So you only need to maintain 2 - 3 simple values.

DECLARE @TotalCapacity INT = 30; -- Modulo; -5 to +4 = 10 OR Int32.MinValue
                                 -- to Int32.MaxValue = (UInt32.MaxValue + 1)
DECLARE @MMI INT = 7; -- Modular Multiplicative Inverse (MMI) or
                      -- Integer (derived from @TotalCapacity)

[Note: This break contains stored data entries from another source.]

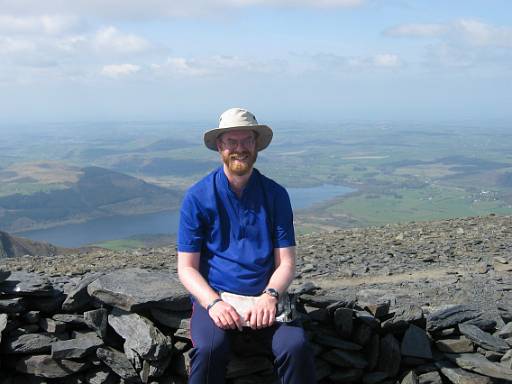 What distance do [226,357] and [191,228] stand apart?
138 centimetres

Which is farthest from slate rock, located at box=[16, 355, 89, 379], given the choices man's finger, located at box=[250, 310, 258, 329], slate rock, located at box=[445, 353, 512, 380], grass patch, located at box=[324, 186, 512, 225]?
grass patch, located at box=[324, 186, 512, 225]

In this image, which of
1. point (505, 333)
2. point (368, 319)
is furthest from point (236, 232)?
point (505, 333)

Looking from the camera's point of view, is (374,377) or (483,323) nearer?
(374,377)

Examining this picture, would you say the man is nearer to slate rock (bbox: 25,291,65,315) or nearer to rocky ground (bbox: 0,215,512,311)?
slate rock (bbox: 25,291,65,315)

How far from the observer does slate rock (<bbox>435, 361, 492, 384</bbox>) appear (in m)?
6.48

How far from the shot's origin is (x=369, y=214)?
9931 cm

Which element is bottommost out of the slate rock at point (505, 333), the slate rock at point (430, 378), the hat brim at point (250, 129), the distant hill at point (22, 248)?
the distant hill at point (22, 248)

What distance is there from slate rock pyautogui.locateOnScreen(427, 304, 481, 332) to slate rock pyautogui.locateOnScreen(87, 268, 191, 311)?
3.38 m

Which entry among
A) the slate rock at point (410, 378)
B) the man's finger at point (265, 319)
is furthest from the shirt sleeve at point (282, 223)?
the slate rock at point (410, 378)

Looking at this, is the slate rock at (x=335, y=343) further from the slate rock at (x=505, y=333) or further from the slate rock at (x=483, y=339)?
the slate rock at (x=505, y=333)

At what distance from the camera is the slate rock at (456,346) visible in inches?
274

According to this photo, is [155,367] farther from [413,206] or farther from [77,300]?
[413,206]

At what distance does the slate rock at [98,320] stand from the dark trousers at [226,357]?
1.69 m

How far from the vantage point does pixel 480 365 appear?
260 inches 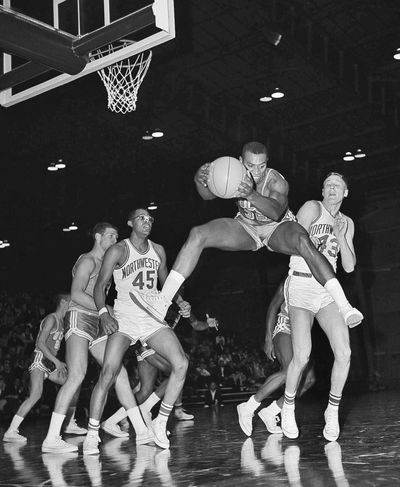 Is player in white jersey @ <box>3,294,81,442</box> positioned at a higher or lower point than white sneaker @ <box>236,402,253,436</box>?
higher

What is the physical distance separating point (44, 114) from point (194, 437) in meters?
8.90

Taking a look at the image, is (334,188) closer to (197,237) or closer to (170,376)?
(197,237)

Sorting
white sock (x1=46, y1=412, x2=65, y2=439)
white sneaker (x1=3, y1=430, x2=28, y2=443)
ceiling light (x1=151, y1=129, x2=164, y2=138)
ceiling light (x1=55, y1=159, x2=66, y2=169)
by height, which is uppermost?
ceiling light (x1=151, y1=129, x2=164, y2=138)

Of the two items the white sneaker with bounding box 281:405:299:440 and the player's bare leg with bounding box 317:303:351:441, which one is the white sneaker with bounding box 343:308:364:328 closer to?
the player's bare leg with bounding box 317:303:351:441

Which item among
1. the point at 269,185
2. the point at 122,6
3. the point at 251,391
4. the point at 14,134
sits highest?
the point at 14,134

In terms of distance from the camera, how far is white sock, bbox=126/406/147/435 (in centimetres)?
612

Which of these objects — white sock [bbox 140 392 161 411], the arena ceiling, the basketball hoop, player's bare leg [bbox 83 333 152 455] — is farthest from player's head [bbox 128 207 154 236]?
the arena ceiling

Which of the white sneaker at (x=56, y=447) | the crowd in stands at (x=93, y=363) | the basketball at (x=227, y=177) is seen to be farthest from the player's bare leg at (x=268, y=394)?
the crowd in stands at (x=93, y=363)

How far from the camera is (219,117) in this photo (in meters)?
14.9

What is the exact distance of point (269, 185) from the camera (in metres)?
5.44

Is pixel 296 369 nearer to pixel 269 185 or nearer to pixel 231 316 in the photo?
pixel 269 185

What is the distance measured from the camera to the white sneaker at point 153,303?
5.37 metres

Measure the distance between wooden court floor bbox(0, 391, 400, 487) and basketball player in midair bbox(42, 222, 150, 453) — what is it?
14.7 inches

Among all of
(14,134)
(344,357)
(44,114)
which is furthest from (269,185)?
(14,134)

DECLARE @Offset INT = 0; -- needs to stay at 0 if min and max values are hard-set
-----------
DECLARE @Index INT = (1 + @Offset); -- start

DECLARE @EnsureUnique TABLE ([OrderNum] INT NOT NULL IDENTITY(1, 1),
                             [Value] INT NOT NULL UNIQUE);
SET NOCOUNT ON;

BEGIN TRY
    WHILE (@Index < (@TotalCapacity + 1 + @Offset)) -- range + 1
    BEGIN
        INSERT INTO @EnsureUnique ([Value]) VALUES (
                 ((@Index * @MMI) % @TotalCapacity) - (@TotalCapacity / 2) + @Offset
                                                   );
        SET @Index += 1;
    END;
END TRY
BEGIN CATCH
    DECLARE @Error NVARCHAR(4000) = ERROR_MESSAGE();
    RAISERROR(@Error, 16, 1);
    RETURN;
END CATCH;

SELECT * FROM @EnsureUnique ORDER BY [OrderNum] ASC;
SELECT COUNT(*) AS [TotalValues],
       @TotalCapacity AS [ExpectedCapacity],
       MIN([Value]) AS [MinValue],
       (@TotalCapacity / -2) AS [ExpectedMinValue],
       MAX([Value]) AS [MaxValue],
       (@TotalCapacity / 2) - 1 AS [ExpectedMaxValue]
FROM   @EnsureUnique;